GIVEN MATERIAL -
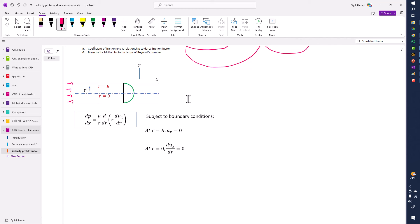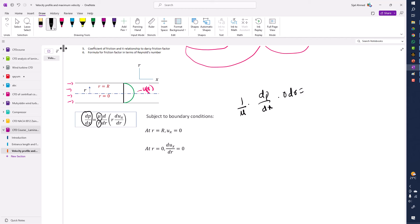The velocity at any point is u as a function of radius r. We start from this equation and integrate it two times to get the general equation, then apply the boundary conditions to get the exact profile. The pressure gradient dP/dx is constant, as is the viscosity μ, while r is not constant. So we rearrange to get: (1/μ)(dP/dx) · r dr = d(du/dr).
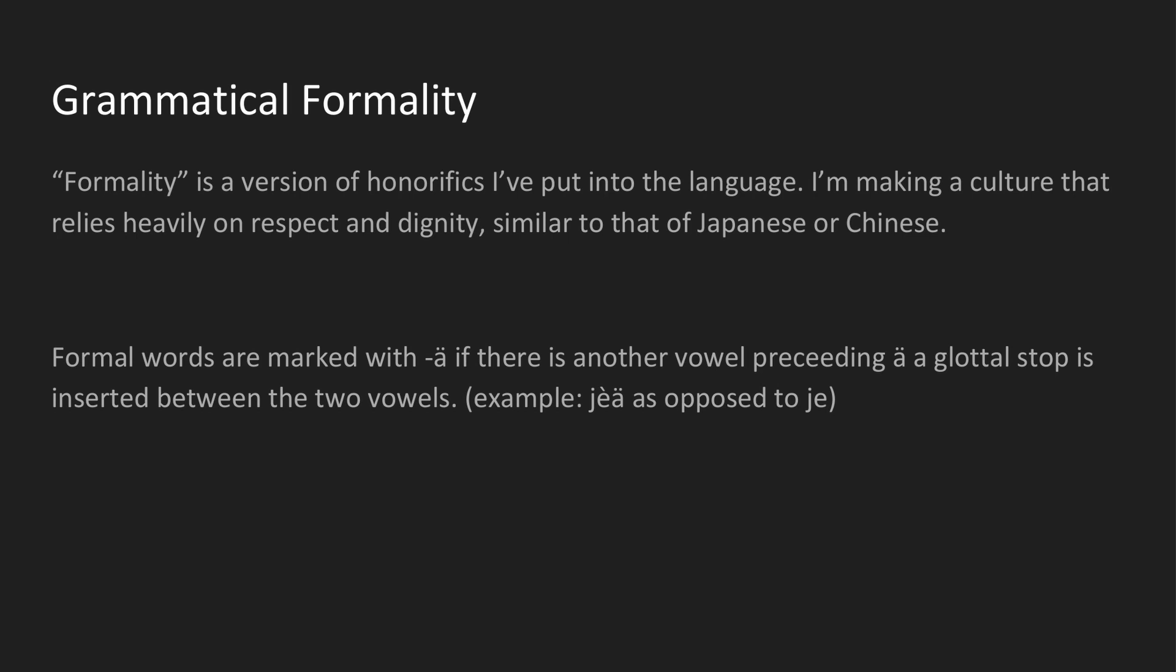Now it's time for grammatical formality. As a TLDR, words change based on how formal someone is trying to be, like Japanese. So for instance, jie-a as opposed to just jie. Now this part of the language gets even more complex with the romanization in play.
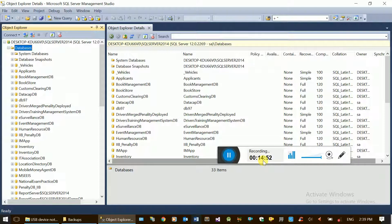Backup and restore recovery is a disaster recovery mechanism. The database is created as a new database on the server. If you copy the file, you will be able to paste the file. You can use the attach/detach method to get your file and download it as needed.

INSTRUCTIONS FOR THE TASK - Retype the data exactly; images stay out.

ANSWER TO THIS TASK -
The velocity at any point is u as a function of radius r. We start from this equation and integrate it two times to get the general equation, then apply the boundary conditions to get the exact profile. The pressure gradient dP/dx is constant, as is the viscosity μ, while r is not constant. So we rearrange to get: (1/μ)(dP/dx) · r dr = d(du/dr).
Now it's time for grammatical formality. As a TLDR, words change based on how formal someone is trying to be, like Japanese. So for instance, jie-a as opposed to just jie. Now this part of the language gets even more complex with the romanization in play.
Backup and restore recovery is a disaster recovery mechanism. The database is created as a new database on the server. If you copy the file, you will be able to paste the file. You can use the attach/detach method to get your file and download it as needed.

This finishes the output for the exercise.